--- Task description ---
Retype the data exactly, from its first line to the line containing "Rokal HO Scale", including both, and skip any picture.

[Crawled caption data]
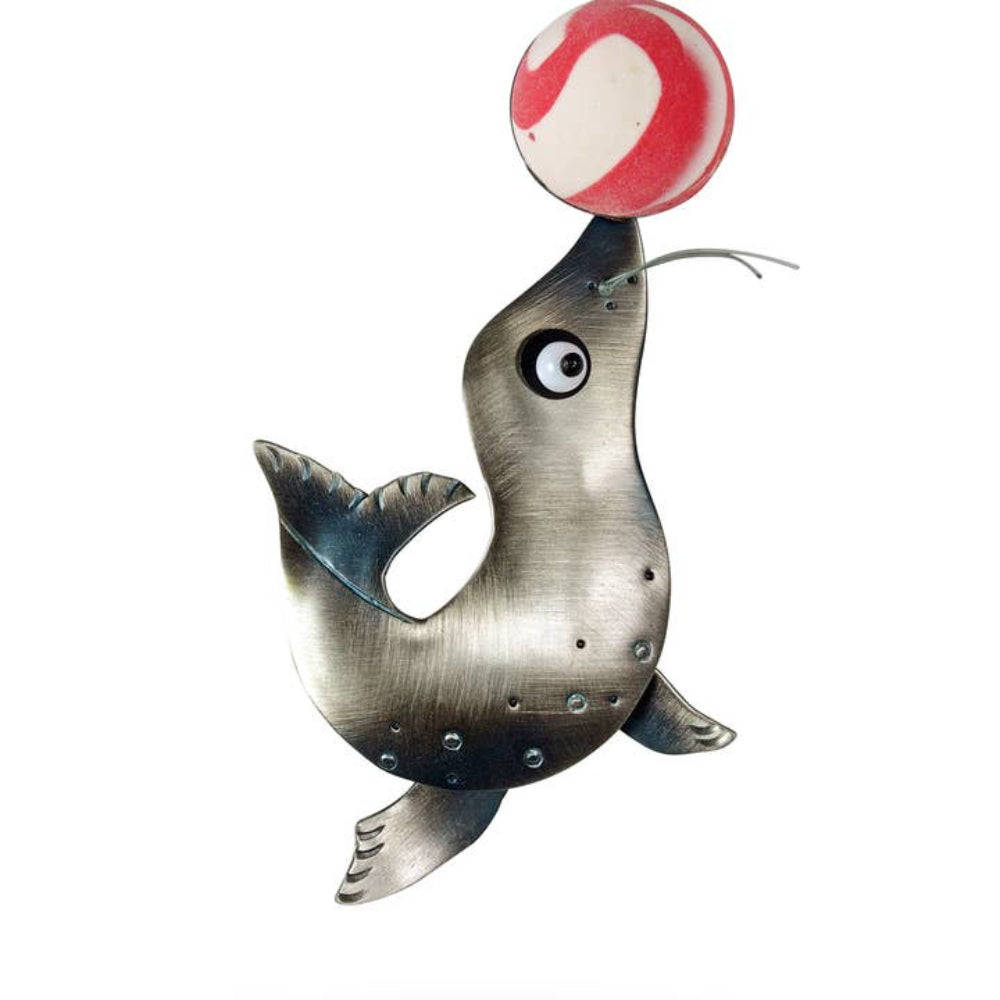 Chickenscratch Balancing Act Brooch — handmade nickel silver seal balancing a super ball on its nose, with swinging flippers and glass bead eye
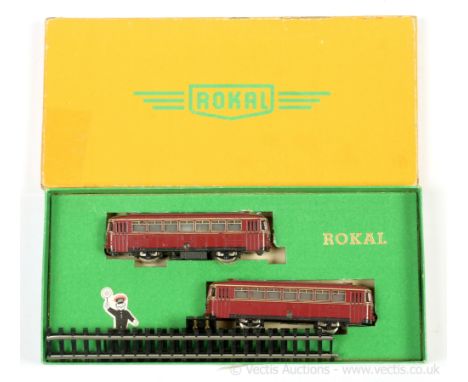 Rokal HO Scale "Schienenbus" (Rail Buses) a pair in maroon and white, includes Power and Non Power Cars and a small quantity 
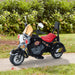 Black retro-style kids electric ride-on motorbike with three wheels and red seat outdoors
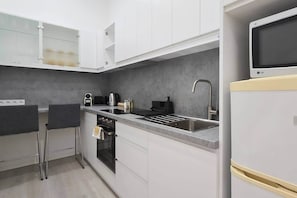 A compact kitchen with a built-in oven, a sink, and a microwave. - MidTerm - CityCenter67 Apartment (Budapest)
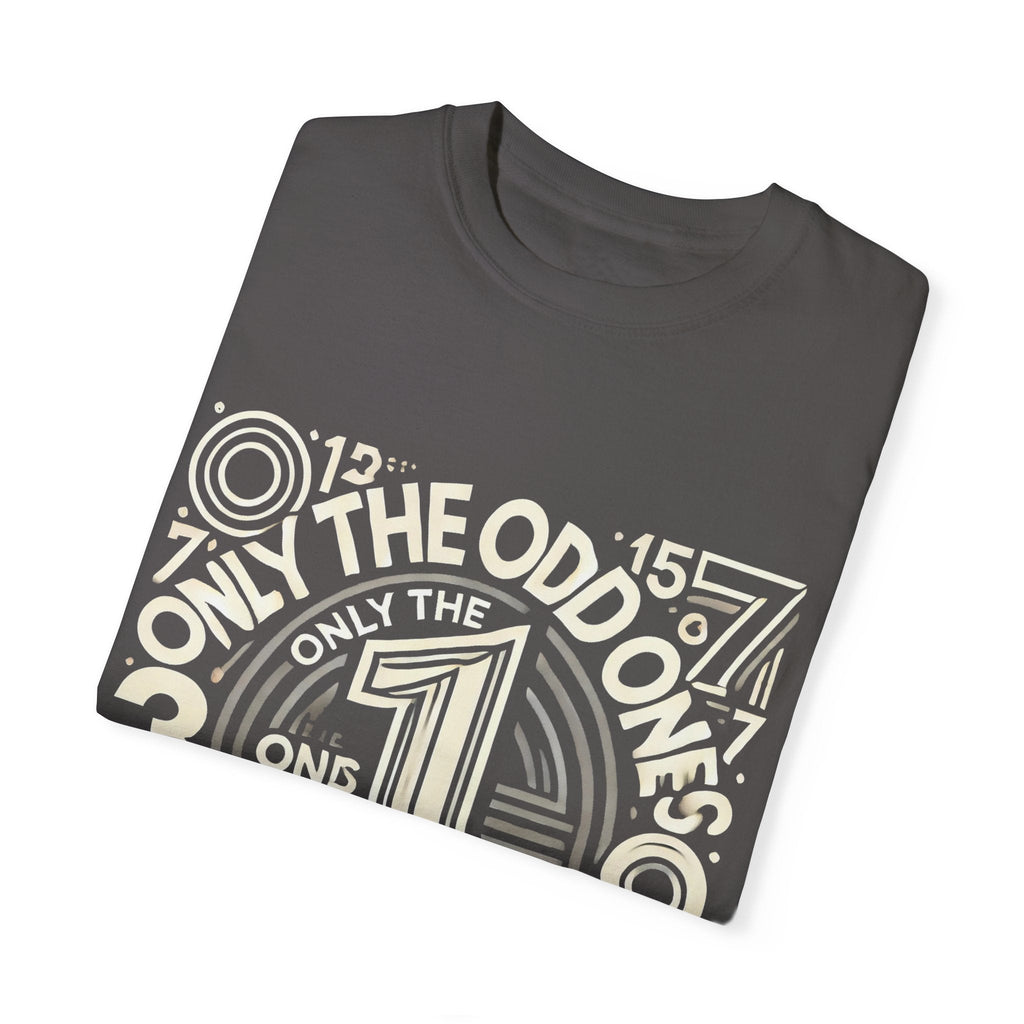 Unisex garment-dyed T-shirt with "Only the Odd Ones Can Be Number One" graphic design, folded.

--- Exercise output ---
 Chickenscratch Balancing Act Brooch — handmade nickel silver seal balancing a super ball on its nose, with swinging flippers and glass bead eye
 Rokal HO Scale "Schienenbus" (Rail Buses) a pair in maroon and white, includes Power and Non Power Cars and a small quantity 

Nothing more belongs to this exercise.